Data supplied »
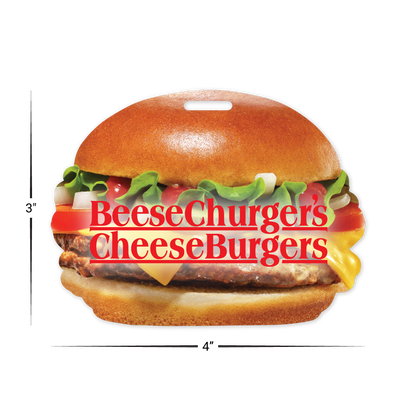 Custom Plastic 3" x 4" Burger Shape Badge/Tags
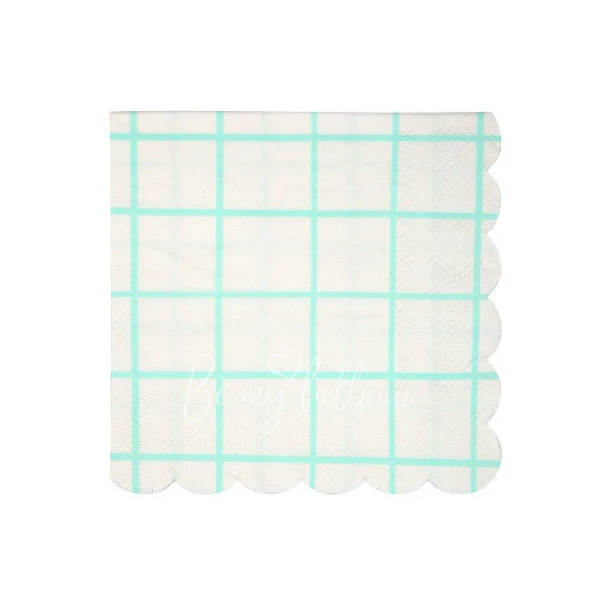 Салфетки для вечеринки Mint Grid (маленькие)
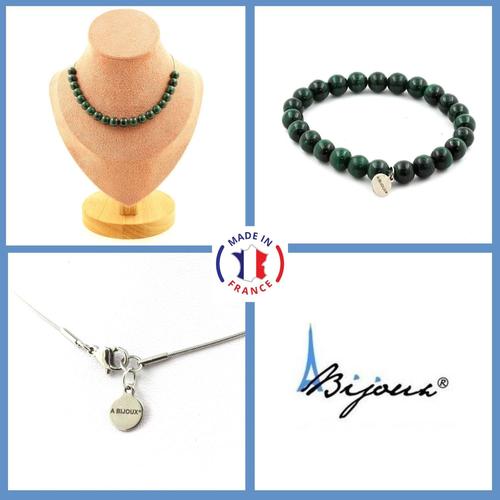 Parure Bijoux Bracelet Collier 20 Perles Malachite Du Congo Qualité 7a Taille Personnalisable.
...
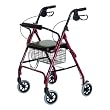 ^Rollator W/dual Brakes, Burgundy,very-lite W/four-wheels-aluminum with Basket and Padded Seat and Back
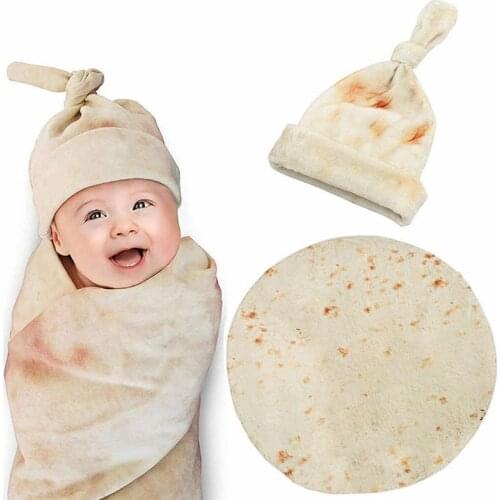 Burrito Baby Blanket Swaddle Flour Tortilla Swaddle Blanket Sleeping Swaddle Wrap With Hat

Action item » Return, exactly as they stand, the lines above from the one with "Burger Shape Badge/Tags" to the one with "Parure Bijoux Bracelet", omitting any pictures among them.

Solution for this problem »
 Custom Plastic 3" x 4" Burger Shape Badge/Tags
 Салфетки для вечеринки Mint Grid (маленькие)
 Parure Bijoux Bracelet Collier 20 Perles Malachite Du Congo Qualité 7a Taille Personnalisable.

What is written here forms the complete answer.